What is expected: From the data that follows, copy every line holding the string "Case".

Short text fragments from websites
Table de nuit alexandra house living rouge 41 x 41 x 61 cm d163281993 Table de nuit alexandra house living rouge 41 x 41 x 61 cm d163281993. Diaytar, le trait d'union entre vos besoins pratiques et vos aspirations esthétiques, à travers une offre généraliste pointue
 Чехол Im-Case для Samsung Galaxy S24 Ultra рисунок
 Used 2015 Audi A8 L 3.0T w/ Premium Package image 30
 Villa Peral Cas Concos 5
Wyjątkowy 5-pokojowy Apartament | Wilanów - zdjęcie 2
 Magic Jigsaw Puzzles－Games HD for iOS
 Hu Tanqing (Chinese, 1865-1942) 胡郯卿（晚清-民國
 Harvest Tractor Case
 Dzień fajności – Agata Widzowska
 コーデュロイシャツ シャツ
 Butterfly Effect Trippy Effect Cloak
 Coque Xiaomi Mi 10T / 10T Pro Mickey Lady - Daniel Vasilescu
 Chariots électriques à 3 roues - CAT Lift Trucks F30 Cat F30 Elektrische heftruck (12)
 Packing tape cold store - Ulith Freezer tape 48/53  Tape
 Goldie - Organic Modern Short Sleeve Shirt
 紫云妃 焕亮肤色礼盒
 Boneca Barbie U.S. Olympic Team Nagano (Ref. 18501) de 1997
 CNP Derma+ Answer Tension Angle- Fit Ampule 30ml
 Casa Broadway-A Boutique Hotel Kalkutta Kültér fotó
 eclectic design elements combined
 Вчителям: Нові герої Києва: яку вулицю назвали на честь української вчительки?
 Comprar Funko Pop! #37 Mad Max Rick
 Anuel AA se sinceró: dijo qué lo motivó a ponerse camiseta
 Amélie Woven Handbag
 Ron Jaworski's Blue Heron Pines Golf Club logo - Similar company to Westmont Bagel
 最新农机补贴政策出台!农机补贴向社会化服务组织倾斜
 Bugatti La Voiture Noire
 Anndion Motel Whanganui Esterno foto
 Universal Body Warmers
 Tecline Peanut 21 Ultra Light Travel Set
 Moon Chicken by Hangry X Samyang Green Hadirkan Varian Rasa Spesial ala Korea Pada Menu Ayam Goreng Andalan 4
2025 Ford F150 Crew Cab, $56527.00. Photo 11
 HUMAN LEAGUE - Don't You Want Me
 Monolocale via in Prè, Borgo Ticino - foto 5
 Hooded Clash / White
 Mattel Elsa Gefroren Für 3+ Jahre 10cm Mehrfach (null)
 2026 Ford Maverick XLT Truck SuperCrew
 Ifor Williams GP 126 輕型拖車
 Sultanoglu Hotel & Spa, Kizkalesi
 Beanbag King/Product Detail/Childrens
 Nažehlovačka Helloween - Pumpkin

Solution to this task:
 Чехол Im-Case для Samsung Galaxy S24 Ultra рисунок
 Harvest Tractor Case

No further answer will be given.